Records to process
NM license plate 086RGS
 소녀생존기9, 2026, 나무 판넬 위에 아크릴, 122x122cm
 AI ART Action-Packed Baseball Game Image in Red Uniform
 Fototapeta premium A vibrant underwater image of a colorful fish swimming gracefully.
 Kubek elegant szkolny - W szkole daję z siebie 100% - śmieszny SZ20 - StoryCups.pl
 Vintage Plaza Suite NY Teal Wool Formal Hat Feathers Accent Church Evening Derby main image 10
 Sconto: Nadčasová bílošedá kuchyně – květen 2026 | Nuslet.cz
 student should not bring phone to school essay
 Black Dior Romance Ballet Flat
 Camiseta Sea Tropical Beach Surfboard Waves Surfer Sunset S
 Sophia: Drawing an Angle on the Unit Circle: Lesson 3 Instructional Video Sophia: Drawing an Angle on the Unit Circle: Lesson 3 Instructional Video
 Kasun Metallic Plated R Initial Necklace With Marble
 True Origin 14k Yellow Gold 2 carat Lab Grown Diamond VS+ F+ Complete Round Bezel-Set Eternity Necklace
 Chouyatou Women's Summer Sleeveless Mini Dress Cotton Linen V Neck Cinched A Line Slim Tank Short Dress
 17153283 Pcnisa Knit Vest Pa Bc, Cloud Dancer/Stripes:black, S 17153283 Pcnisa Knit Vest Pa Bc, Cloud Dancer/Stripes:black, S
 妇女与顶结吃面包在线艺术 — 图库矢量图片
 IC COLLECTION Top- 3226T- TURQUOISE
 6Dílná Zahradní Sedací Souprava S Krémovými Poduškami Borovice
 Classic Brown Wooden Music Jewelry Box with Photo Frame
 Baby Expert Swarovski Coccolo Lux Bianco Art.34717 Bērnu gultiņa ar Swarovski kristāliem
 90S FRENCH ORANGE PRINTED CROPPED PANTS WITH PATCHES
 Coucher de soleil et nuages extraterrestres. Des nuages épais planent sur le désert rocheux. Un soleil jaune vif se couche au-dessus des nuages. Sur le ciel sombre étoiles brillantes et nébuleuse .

Work task
With the line containing "Dancer/Stripes:black, S 17153283" as the first and the final line of the entries above as the last, write out that span exactly and nothing more.

Exercise response
 17153283 Pcnisa Knit Vest Pa Bc, Cloud Dancer/Stripes:black, S 17153283 Pcnisa Knit Vest Pa Bc, Cloud Dancer/Stripes:black, S
 妇女与顶结吃面包在线艺术 — 图库矢量图片
 IC COLLECTION Top- 3226T- TURQUOISE
 6Dílná Zahradní Sedací Souprava S Krémovými Poduškami Borovice
 Classic Brown Wooden Music Jewelry Box with Photo Frame
 Baby Expert Swarovski Coccolo Lux Bianco Art.34717 Bērnu gultiņa ar Swarovski kristāliem
 90S FRENCH ORANGE PRINTED CROPPED PANTS WITH PATCHES
 Coucher de soleil et nuages extraterrestres. Des nuages épais planent sur le désert rocheux. Un soleil jaune vif se couche au-dessus des nuages. Sur le ciel sombre étoiles brillantes et nébuleuse .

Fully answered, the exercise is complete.